[Exercise material Boundary: Start]
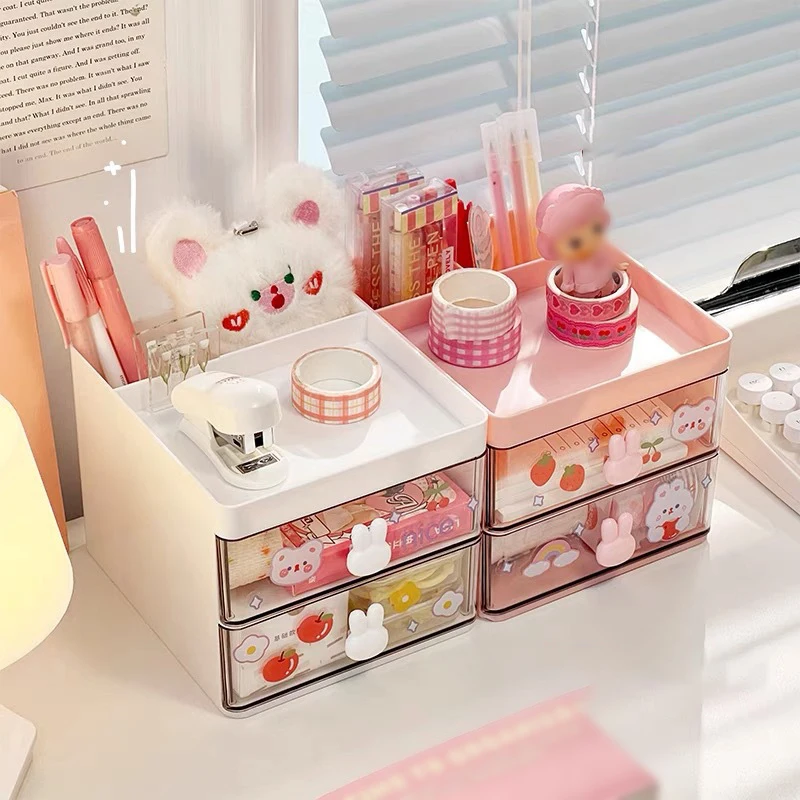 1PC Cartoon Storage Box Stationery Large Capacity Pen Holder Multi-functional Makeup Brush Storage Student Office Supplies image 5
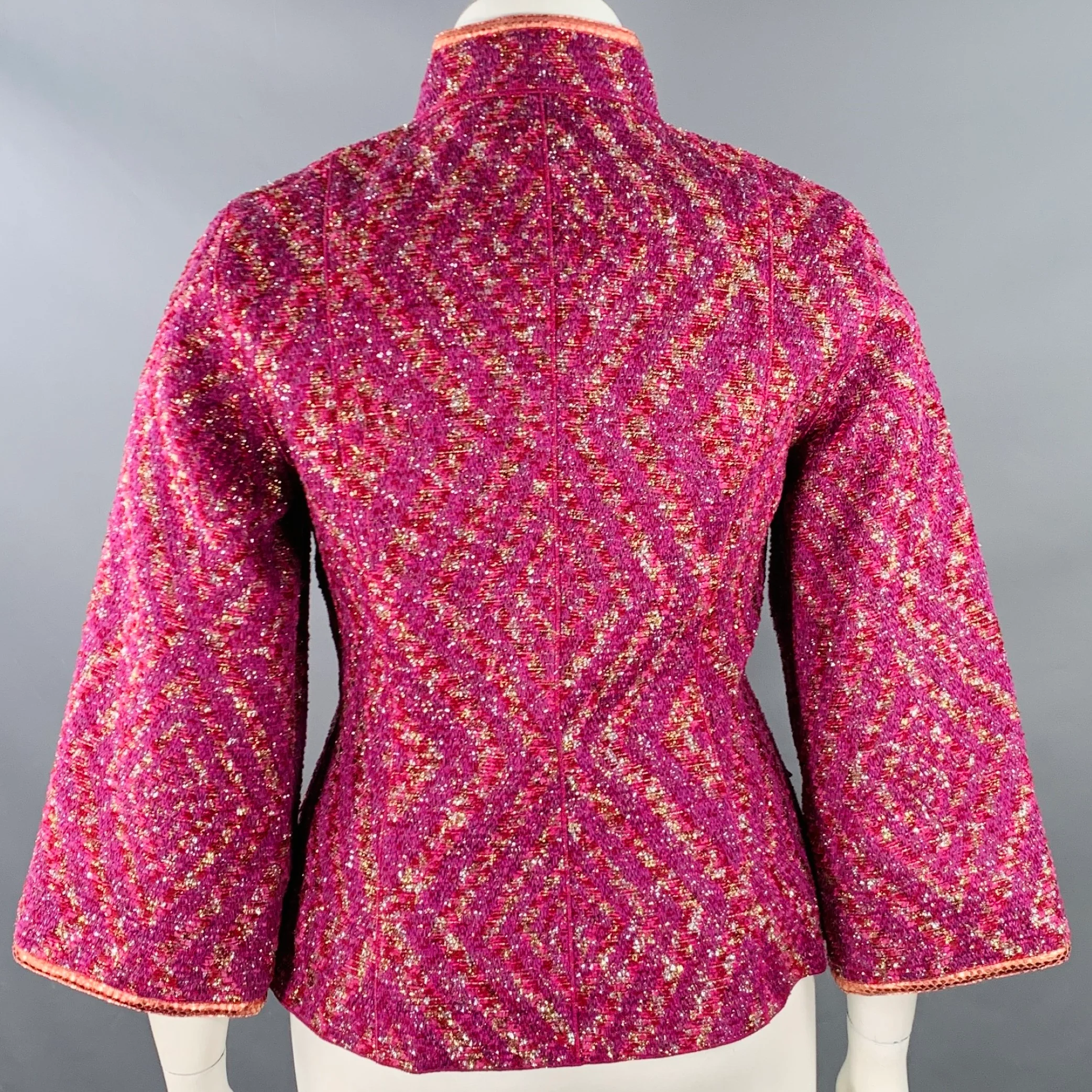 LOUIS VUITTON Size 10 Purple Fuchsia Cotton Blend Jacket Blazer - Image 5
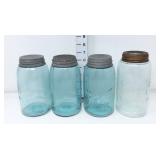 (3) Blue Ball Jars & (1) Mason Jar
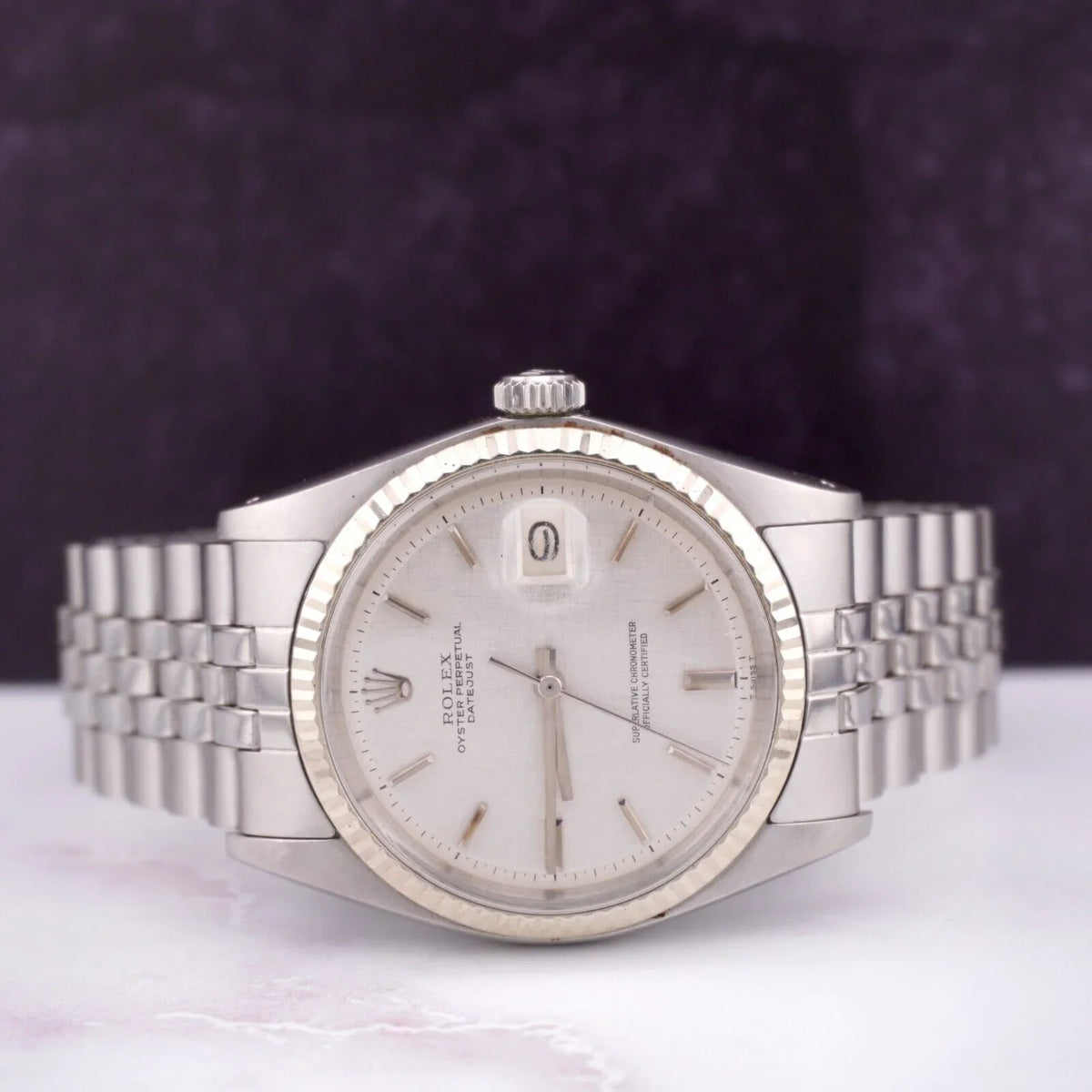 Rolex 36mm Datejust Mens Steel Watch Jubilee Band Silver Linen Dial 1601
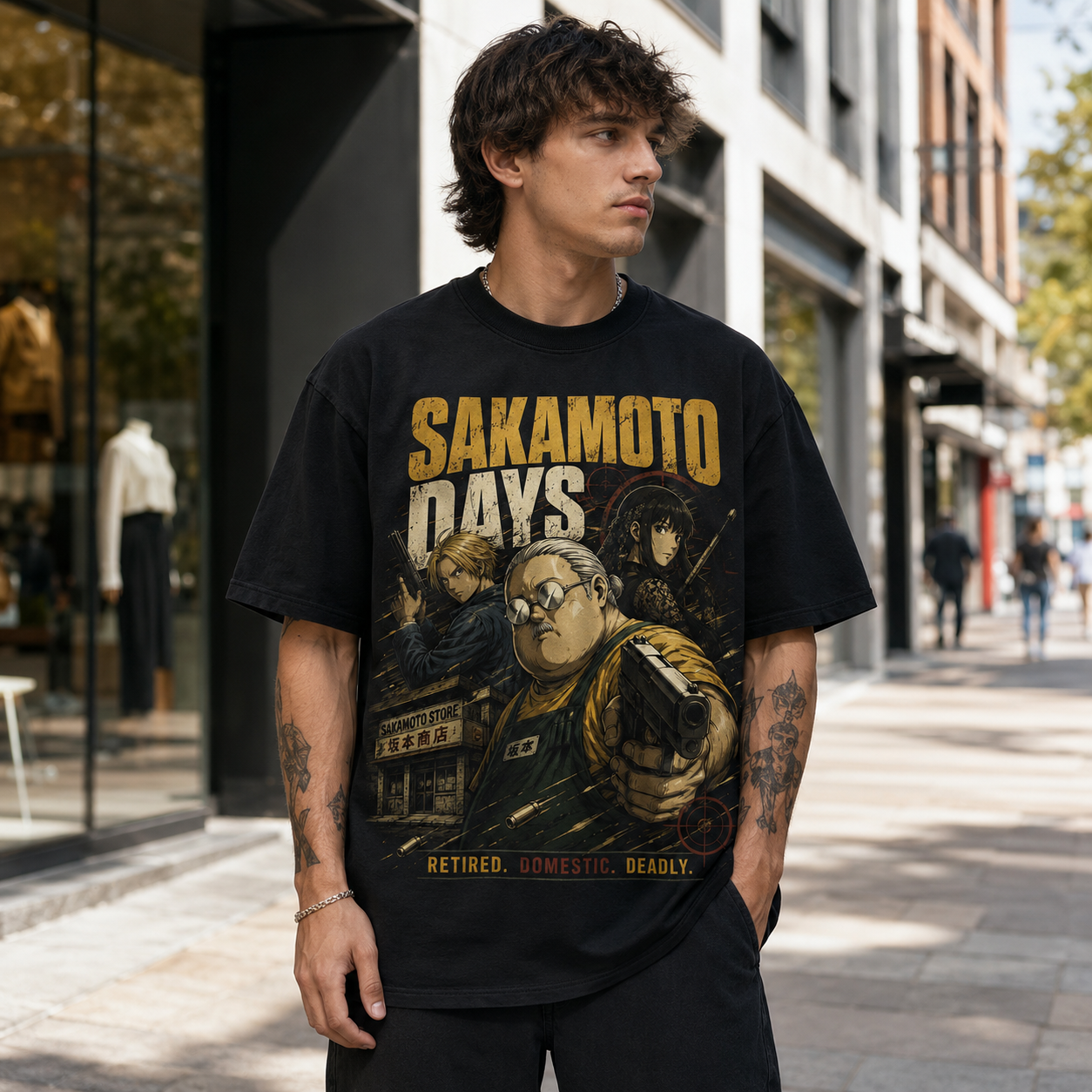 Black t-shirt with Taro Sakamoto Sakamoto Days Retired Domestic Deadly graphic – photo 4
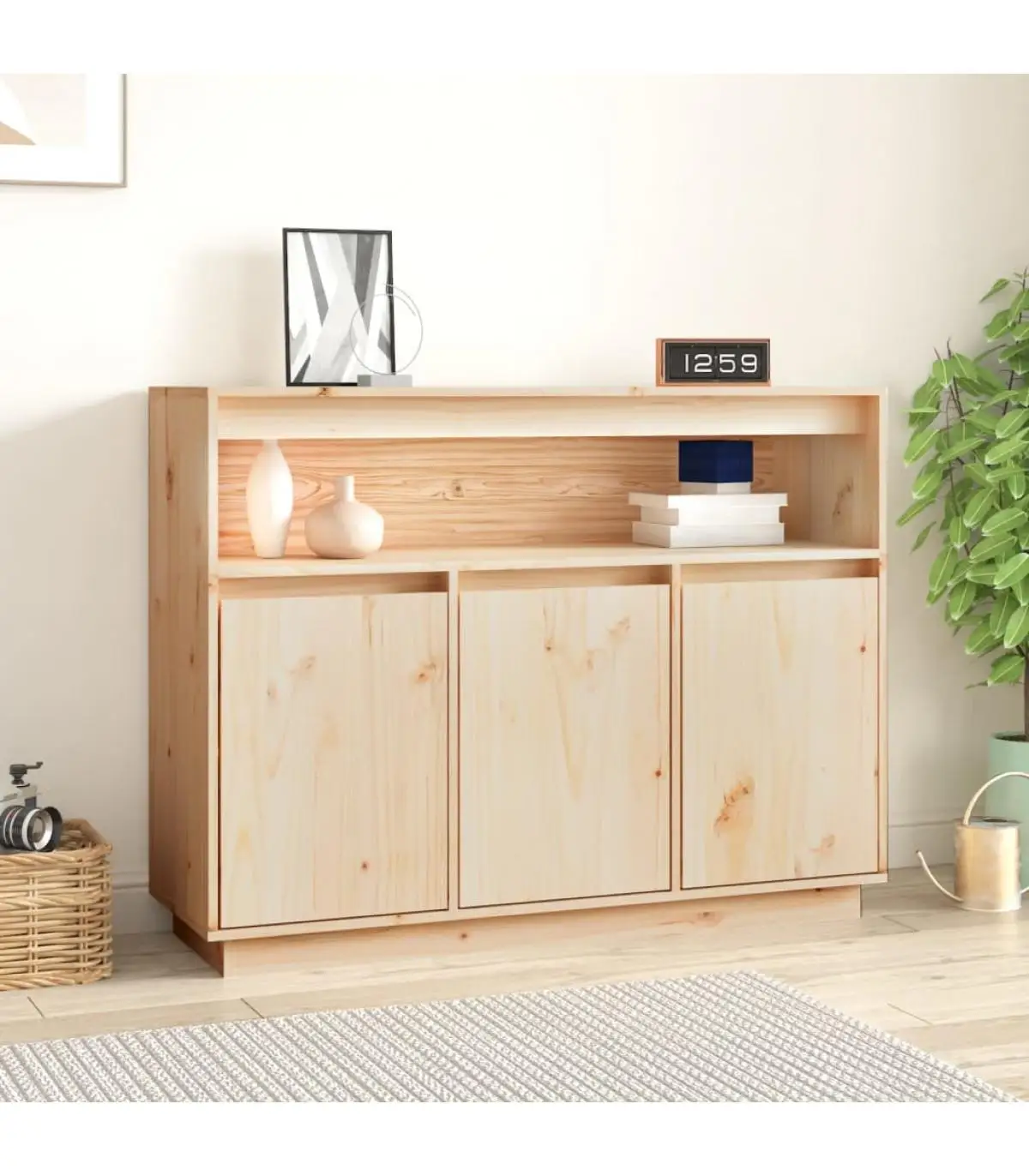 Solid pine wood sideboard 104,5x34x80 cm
[Exercise material Boundary: End]
Copy the listing above word for word. Do not include the pictures.

 1PC Cartoon Storage Box Stationery Large Capacity Pen Holder Multi-functional Makeup Brush Storage Student Office Supplies image 5
 LOUIS VUITTON Size 10 Purple Fuchsia Cotton Blend Jacket Blazer - Image 5
 (3) Blue Ball Jars & (1) Mason Jar
 Rolex 36mm Datejust Mens Steel Watch Jubilee Band Silver Linen Dial 1601
 Black t-shirt with Taro Sakamoto Sakamoto Days Retired Domestic Deadly graphic – photo 4
 Solid pine wood sideboard 104,5x34x80 cm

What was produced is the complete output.